**Problem requirements:** Where the entries below show "Gibson Pump Polish", begin there and print that line and all following lines exactly, through the last, omitting pictures.

**Material for the task:**
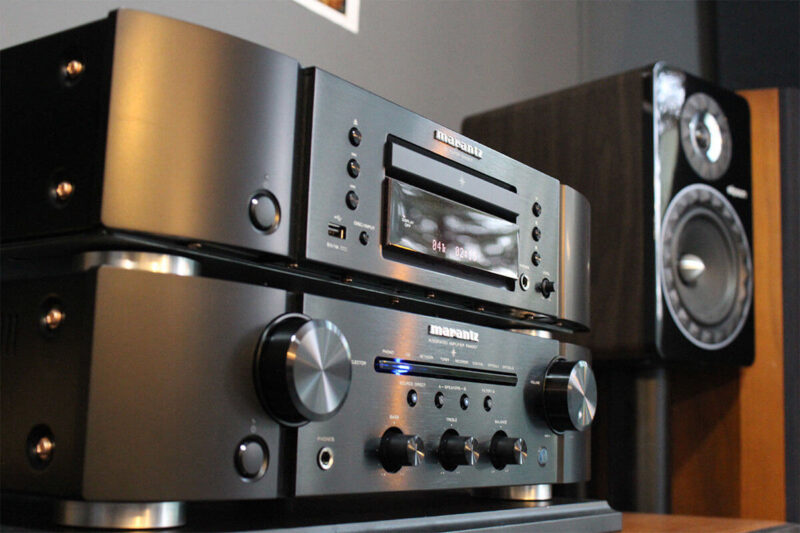 MARANTZ PM-6007 Noir – Image 4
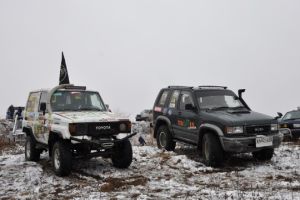 Белогорск Джип-Спринт "День Автомобилиста 2018" - subarist.ru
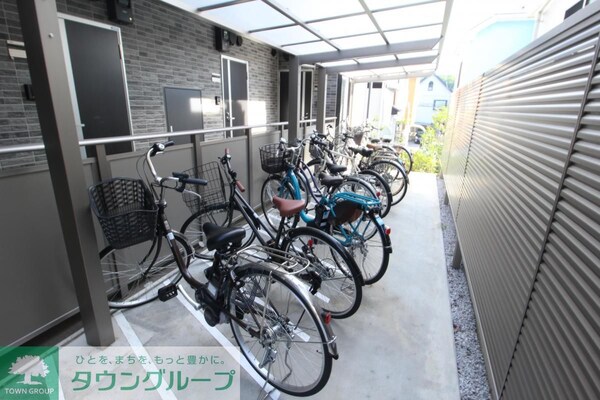共有部分(★お部屋探しは株式会社タウンハウジング東京まで★)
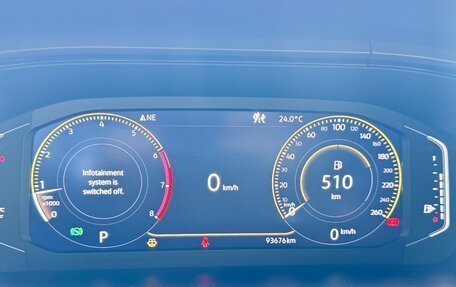 Volkswagen Tharu, 2020 год, 3 590 000 рублей, 8 фотография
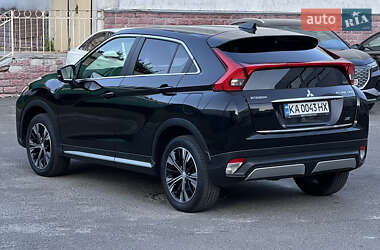 Внедорожник / Кроссовер Mitsubishi Eclipse Cross 2018 в 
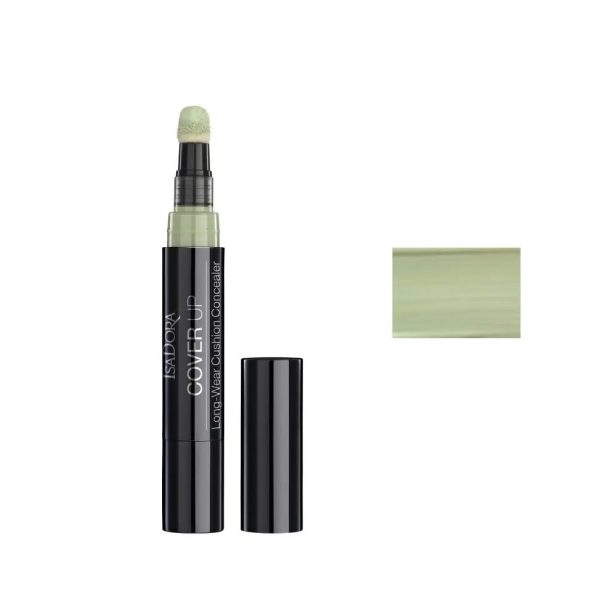 ISADORA CONCEALER COVER UP LONG WEAR 60 كرين انتي ريدنس
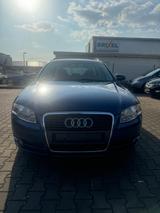 Audi A4 Avant 2.0 TDI*AHK*Scheckheft*Sitzheizung* - Audi A4 aus 2005: Kombi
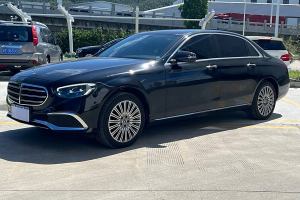 奔驰E级 奔驰 改款 E 300 L 豪华型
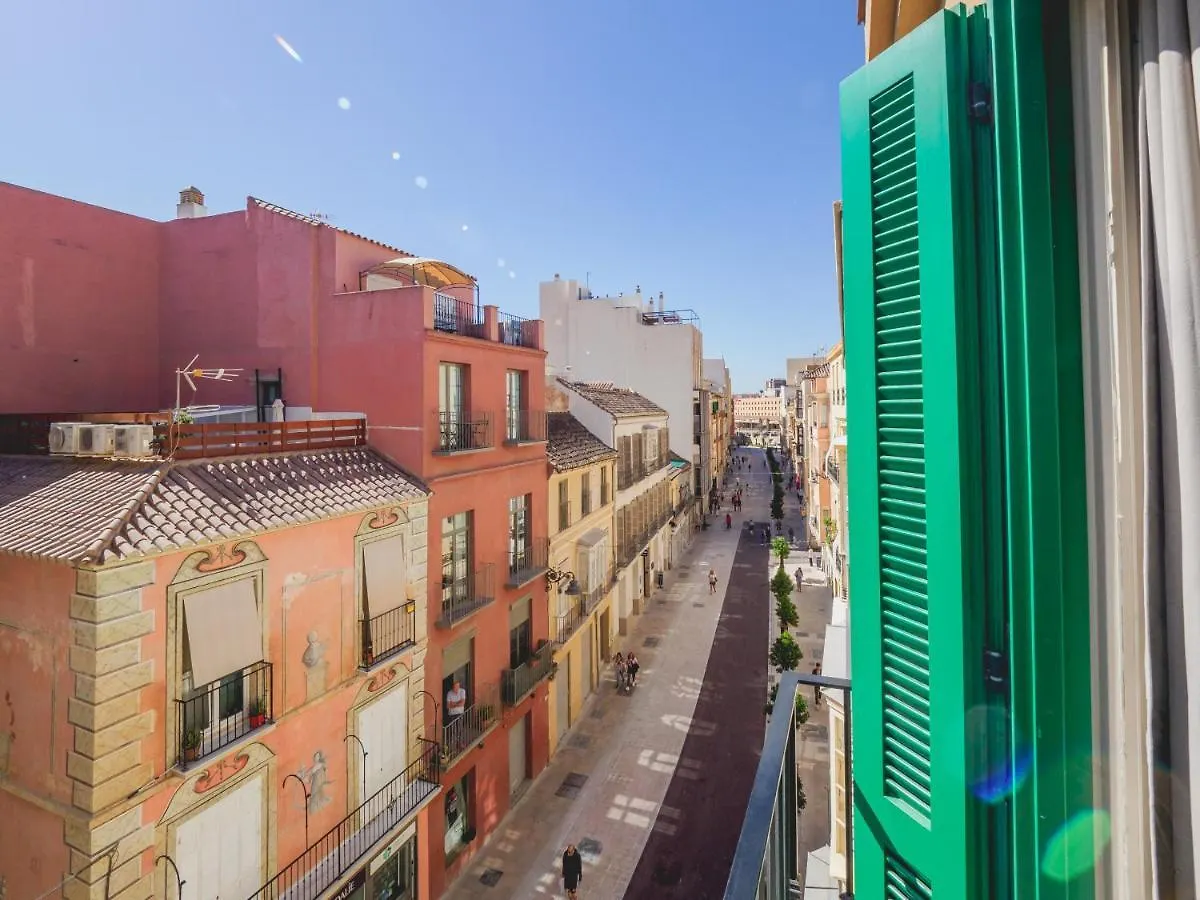 Cubo'S Apartamento 33 Carreteria 3B Malaga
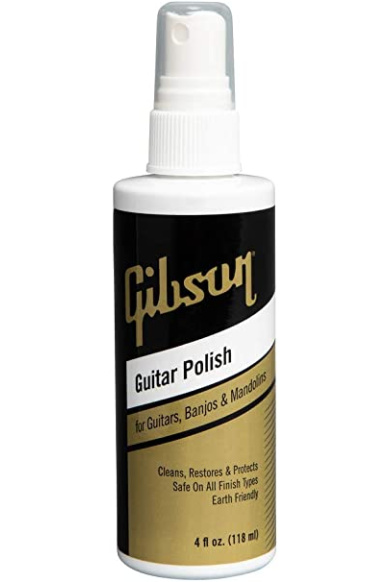 Gibson Pump Polish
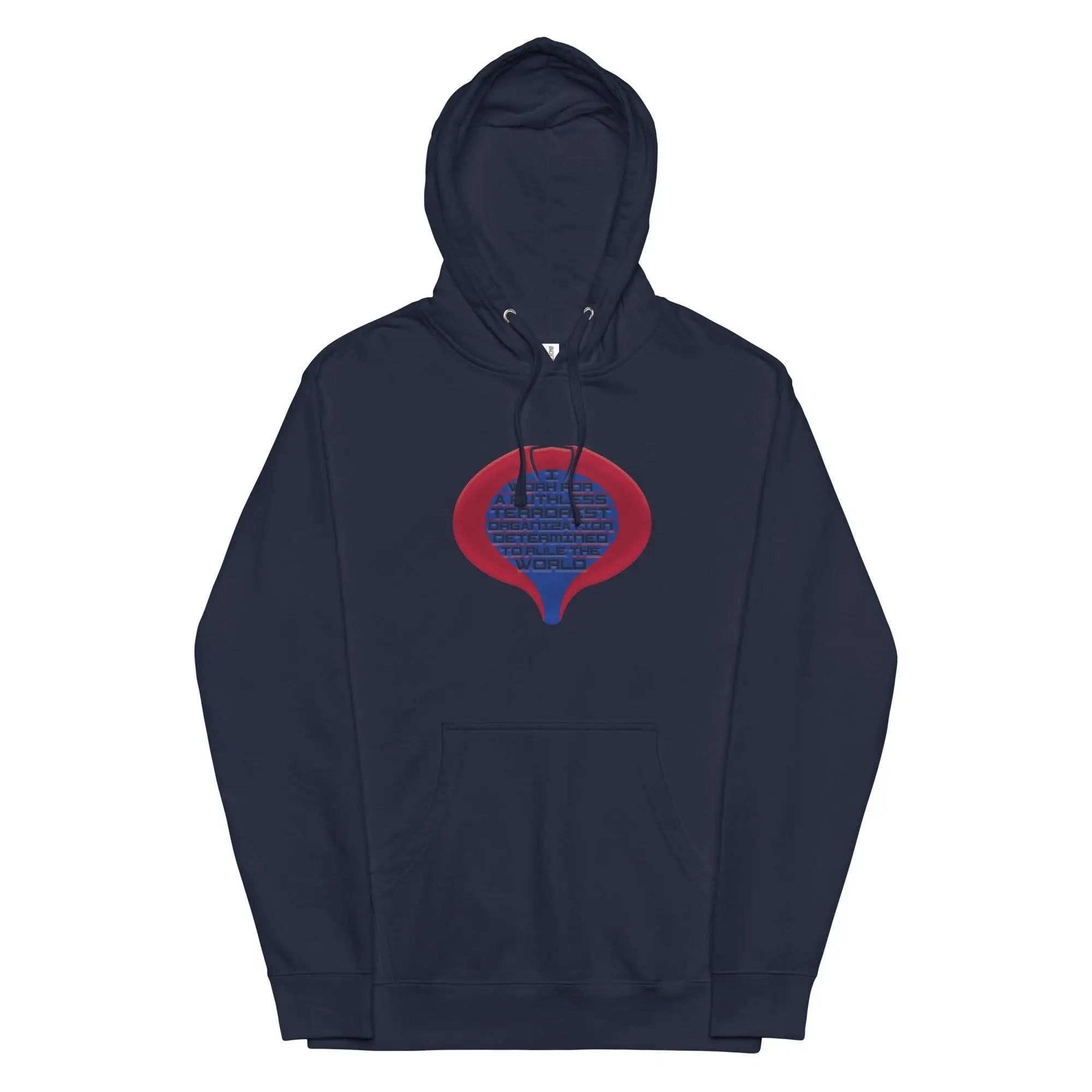 Cobra Work Unisex Hoodie VAWDesigns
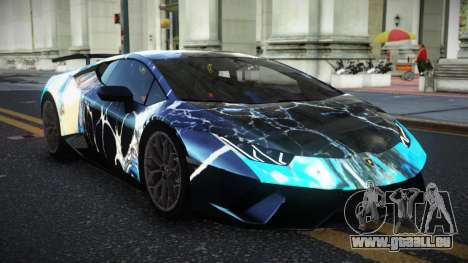 Lamborghini Huracan Maronin S6 pour GTA 4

**Exercise output:**
 Gibson Pump Polish
 Cobra Work Unisex Hoodie VAWDesigns
 Lamborghini Huracan Maronin S6 pour GTA 4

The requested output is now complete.